The introduction of HLM has reconceptualized the measurement of change in learning. In the facile, yet poignant, words of a well-known contemporary artist “Times, They Are a-Changin” (Dylan, 1964). Researchers now have the ability not only to determine if a behavior change has or has not occurred due to an intervention but also to express the extent to which the behavior changed, and to explore possible environmental phenomena and idiosyncratic characteristics that influence behavior change in response to a particular intervention.
Research could benefit from further examinations of the combined use of HLM and visual analysis with additional SCR designs that are appropriate for other types of observable behaviors. In addition, we encourage the further use of real data from applied research that is relative to current issues in educational research. Kazdin (1982) states that within SCR alone, it is difficult to identify interactions between participant characteristics and treatments that contribute to generality of results. This is another way that the use of growth HLM enhances SCR.
Footnotes
Authors’ Note
The opinions expressed are those of the authors and do not represent views of the U.S. Department of Education.
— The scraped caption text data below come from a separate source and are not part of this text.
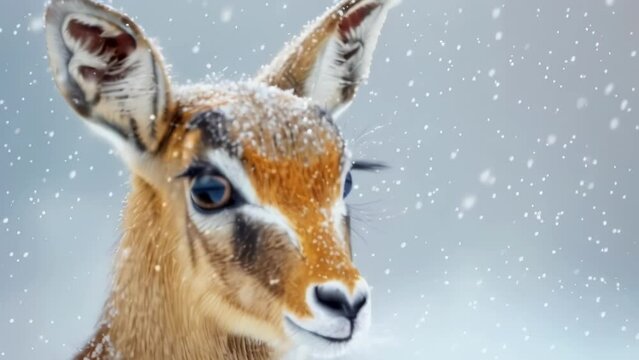 Closeup of a dikdiks delicate features as it stands on a snowy landscape. Its long eyelashes and nose are highlighted against the white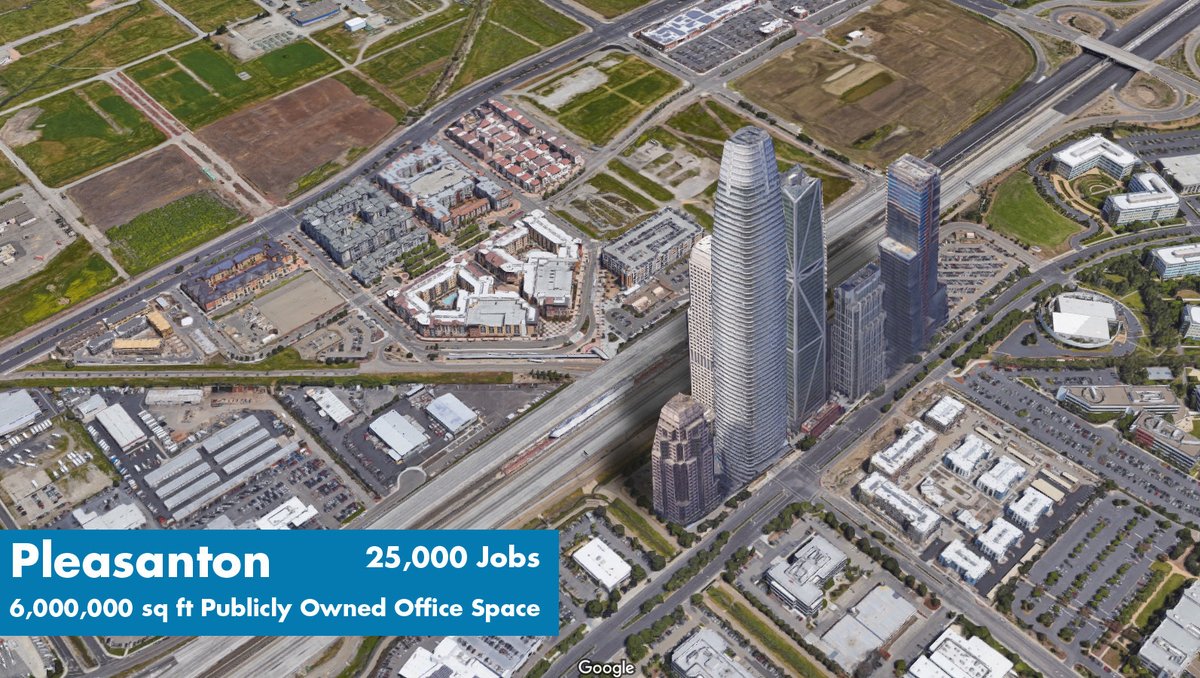 Here's an example of what office towers at the Pleasanton BART station could look like. These buildings can hold the same number of workers as an entire hour of Transbay Tube capacity. 2/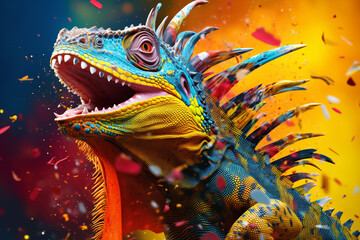Poster - An vibrant photograph of a Iguana splashed in bright paint, contemporary colors and mood social background.  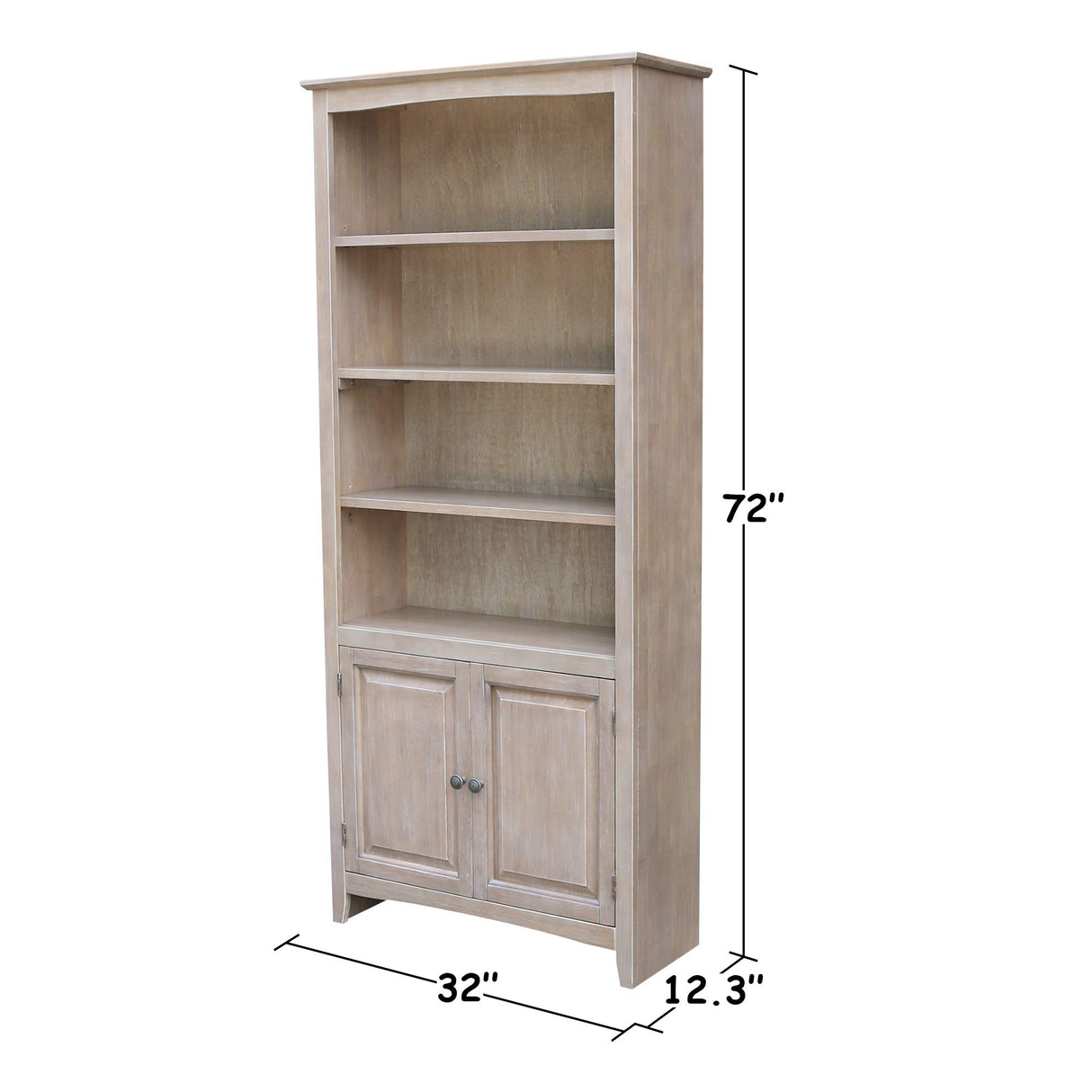 International Concepts Shaker Bookcase-72 H Bookcase, Washed Gray Taupe IC INTERNATIONAL CONCEPTS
Declaration of Conflicting Interests
The author(s) declared no potential conflicts of interests with respect to the research, authorship, and/or publication of this article.
Funding
The author(s) disclosed receipt of the following financial support for the research, authorship, and/or publication of this article: The research reported here was supported by the Institute of Education Sciences, U.S. Department of Education, through Grant R324A070144 to Georgia State University.